··· DATASET EXTRACT ···
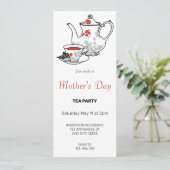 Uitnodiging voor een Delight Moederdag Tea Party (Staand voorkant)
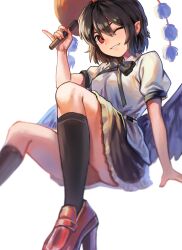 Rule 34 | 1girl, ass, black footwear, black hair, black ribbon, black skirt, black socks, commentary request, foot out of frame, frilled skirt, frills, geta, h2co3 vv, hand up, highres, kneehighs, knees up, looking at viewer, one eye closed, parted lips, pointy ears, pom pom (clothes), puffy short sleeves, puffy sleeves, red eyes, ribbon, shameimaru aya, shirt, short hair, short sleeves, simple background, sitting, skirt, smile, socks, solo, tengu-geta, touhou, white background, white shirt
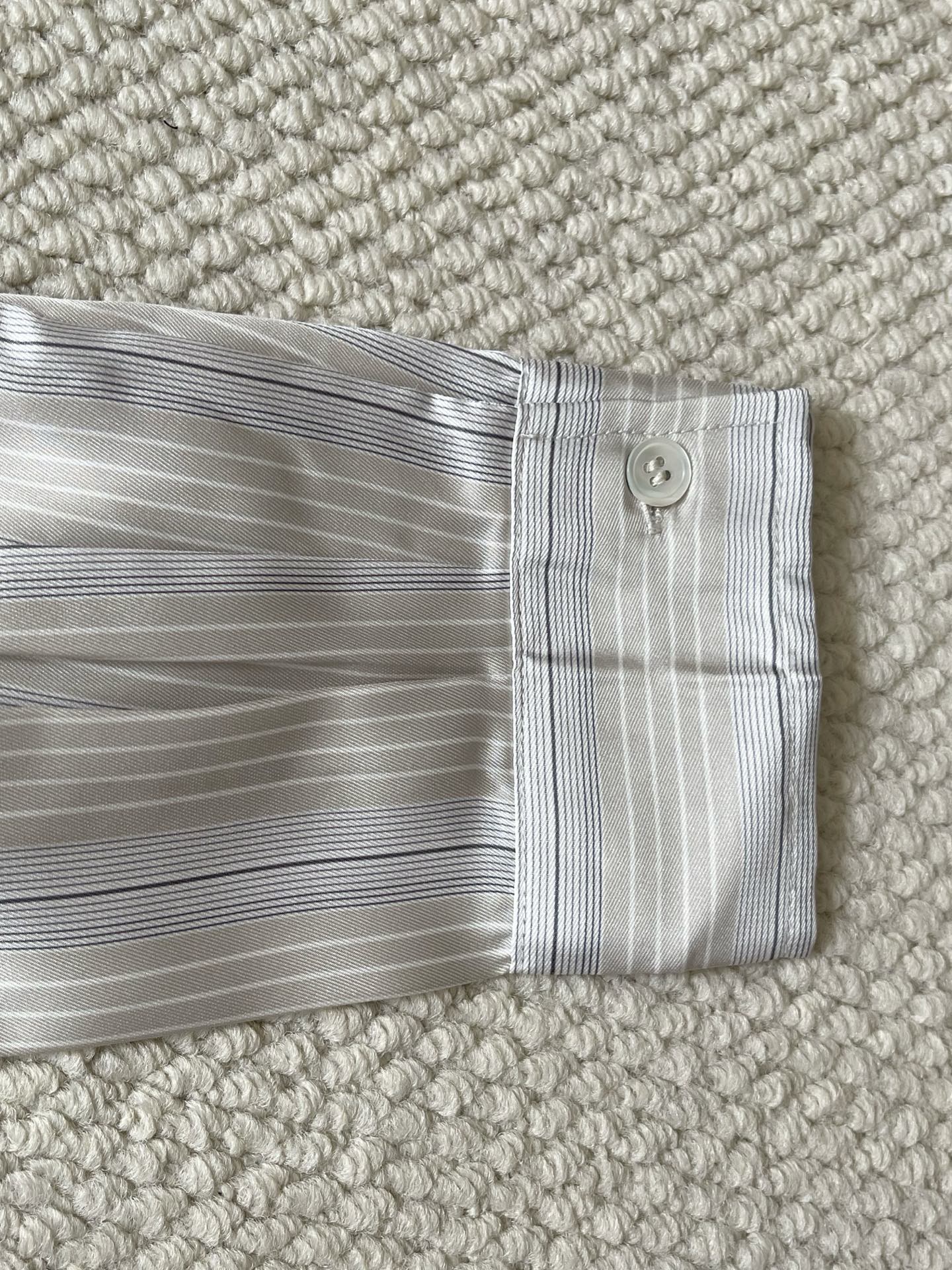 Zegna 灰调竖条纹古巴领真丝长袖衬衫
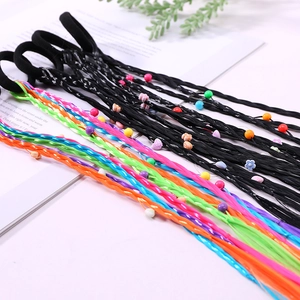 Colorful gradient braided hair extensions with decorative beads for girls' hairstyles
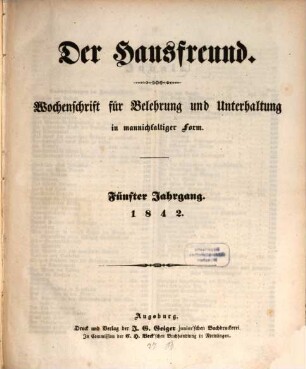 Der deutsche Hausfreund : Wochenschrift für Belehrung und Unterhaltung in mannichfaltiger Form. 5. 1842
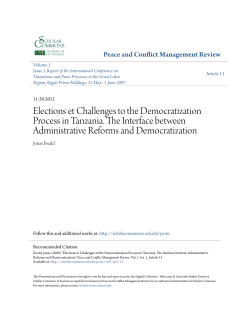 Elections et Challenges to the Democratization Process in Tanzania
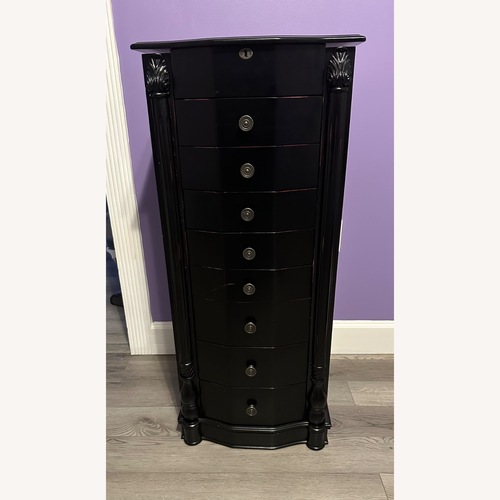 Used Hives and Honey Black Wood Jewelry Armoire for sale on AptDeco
···
• **TASK OBJECTIVE**: The expected output is an exact copy of the lines from the one with "Rule 34 | 1girl, ass, black" to the final line of the entries above, pictures excepted; please include both ends.

• **WRITTEN RESPONSE**:
 Rule 34 | 1girl, ass, black footwear, black hair, black ribbon, black skirt, black socks, commentary request, foot out of frame, frilled skirt, frills, geta, h2co3 vv, hand up, highres, kneehighs, knees up, looking at viewer, one eye closed, parted lips, pointy ears, pom pom (clothes), puffy short sleeves, puffy sleeves, red eyes, ribbon, shameimaru aya, shirt, short hair, short sleeves, simple background, sitting, skirt, smile, socks, solo, tengu-geta, touhou, white background, white shirt
 Zegna 灰调竖条纹古巴领真丝长袖衬衫
 Colorful gradient braided hair extensions with decorative beads for girls' hairstyles
 Der deutsche Hausfreund : Wochenschrift für Belehrung und Unterhaltung in mannichfaltiger Form. 5. 1842
 Elections et Challenges to the Democratization Process in Tanzania
 Used Hives and Honey Black Wood Jewelry Armoire for sale on AptDeco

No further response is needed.